INSTRUCTIONS FOR THE TASK: Reproduce, without any change, the span of lines from the opening of the records below to the line containing "Рюкзак Зара", inclusive.

SUPPLIED DATA:
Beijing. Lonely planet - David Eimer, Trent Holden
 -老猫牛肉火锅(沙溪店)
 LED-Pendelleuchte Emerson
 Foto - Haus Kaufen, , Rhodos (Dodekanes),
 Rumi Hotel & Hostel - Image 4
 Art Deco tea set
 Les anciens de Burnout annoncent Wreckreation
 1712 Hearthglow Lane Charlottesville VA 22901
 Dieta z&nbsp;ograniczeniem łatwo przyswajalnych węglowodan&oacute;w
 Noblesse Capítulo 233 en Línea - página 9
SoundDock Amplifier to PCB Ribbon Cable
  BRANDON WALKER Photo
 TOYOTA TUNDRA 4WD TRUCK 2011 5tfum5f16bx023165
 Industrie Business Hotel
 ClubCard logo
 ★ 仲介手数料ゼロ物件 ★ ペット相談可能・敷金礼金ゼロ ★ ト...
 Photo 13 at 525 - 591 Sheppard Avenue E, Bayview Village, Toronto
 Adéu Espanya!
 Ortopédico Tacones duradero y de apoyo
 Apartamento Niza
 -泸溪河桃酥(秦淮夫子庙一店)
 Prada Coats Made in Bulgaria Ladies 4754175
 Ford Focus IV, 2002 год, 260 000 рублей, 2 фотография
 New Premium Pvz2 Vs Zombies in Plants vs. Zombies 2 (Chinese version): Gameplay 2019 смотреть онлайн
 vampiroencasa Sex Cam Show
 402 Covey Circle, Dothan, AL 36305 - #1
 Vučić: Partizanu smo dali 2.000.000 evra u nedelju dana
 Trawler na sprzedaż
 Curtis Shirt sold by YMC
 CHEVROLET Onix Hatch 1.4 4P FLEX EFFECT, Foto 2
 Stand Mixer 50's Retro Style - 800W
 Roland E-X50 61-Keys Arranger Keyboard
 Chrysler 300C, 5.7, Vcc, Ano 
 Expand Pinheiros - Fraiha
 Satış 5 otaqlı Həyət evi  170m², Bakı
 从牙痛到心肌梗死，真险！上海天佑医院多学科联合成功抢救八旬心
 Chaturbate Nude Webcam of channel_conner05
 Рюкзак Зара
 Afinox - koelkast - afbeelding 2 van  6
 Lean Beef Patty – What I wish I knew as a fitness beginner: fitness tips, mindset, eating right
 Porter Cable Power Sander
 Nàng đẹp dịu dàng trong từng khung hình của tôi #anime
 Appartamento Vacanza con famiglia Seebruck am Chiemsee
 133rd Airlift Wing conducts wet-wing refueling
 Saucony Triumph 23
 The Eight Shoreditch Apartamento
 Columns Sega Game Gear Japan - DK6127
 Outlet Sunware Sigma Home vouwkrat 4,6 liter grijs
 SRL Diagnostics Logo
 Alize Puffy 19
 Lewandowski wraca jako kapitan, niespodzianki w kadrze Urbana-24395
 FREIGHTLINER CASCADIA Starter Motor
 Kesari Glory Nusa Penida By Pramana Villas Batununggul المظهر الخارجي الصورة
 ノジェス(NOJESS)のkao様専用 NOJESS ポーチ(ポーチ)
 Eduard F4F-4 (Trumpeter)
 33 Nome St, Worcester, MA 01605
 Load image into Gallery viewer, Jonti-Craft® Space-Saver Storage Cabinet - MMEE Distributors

SOLUTION FOR THIS PROBLEM:
Beijing. Lonely planet - David Eimer, Trent Holden
 -老猫牛肉火锅(沙溪店)
 LED-Pendelleuchte Emerson
 Foto - Haus Kaufen, , Rhodos (Dodekanes),
 Rumi Hotel & Hostel - Image 4
 Art Deco tea set
 Les anciens de Burnout annoncent Wreckreation
 1712 Hearthglow Lane Charlottesville VA 22901
 Dieta z&nbsp;ograniczeniem łatwo przyswajalnych węglowodan&oacute;w
 Noblesse Capítulo 233 en Línea - página 9
SoundDock Amplifier to PCB Ribbon Cable
  BRANDON WALKER Photo
 TOYOTA TUNDRA 4WD TRUCK 2011 5tfum5f16bx023165
 Industrie Business Hotel
 ClubCard logo
 ★ 仲介手数料ゼロ物件 ★ ペット相談可能・敷金礼金ゼロ ★ ト...
 Photo 13 at 525 - 591 Sheppard Avenue E, Bayview Village, Toronto
 Adéu Espanya!
 Ortopédico Tacones duradero y de apoyo
 Apartamento Niza
 -泸溪河桃酥(秦淮夫子庙一店)
 Prada Coats Made in Bulgaria Ladies 4754175
 Ford Focus IV, 2002 год, 260 000 рублей, 2 фотография
 New Premium Pvz2 Vs Zombies in Plants vs. Zombies 2 (Chinese version): Gameplay 2019 смотреть онлайн
 vampiroencasa Sex Cam Show
 402 Covey Circle, Dothan, AL 36305 - #1
 Vučić: Partizanu smo dali 2.000.000 evra u nedelju dana
 Trawler na sprzedaż
 Curtis Shirt sold by YMC
 CHEVROLET Onix Hatch 1.4 4P FLEX EFFECT, Foto 2
 Stand Mixer 50's Retro Style - 800W
 Roland E-X50 61-Keys Arranger Keyboard
 Chrysler 300C, 5.7, Vcc, Ano 
 Expand Pinheiros - Fraiha
 Satış 5 otaqlı Həyət evi  170m², Bakı
 从牙痛到心肌梗死，真险！上海天佑医院多学科联合成功抢救八旬心
 Chaturbate Nude Webcam of channel_conner05
 Рюкзак Зара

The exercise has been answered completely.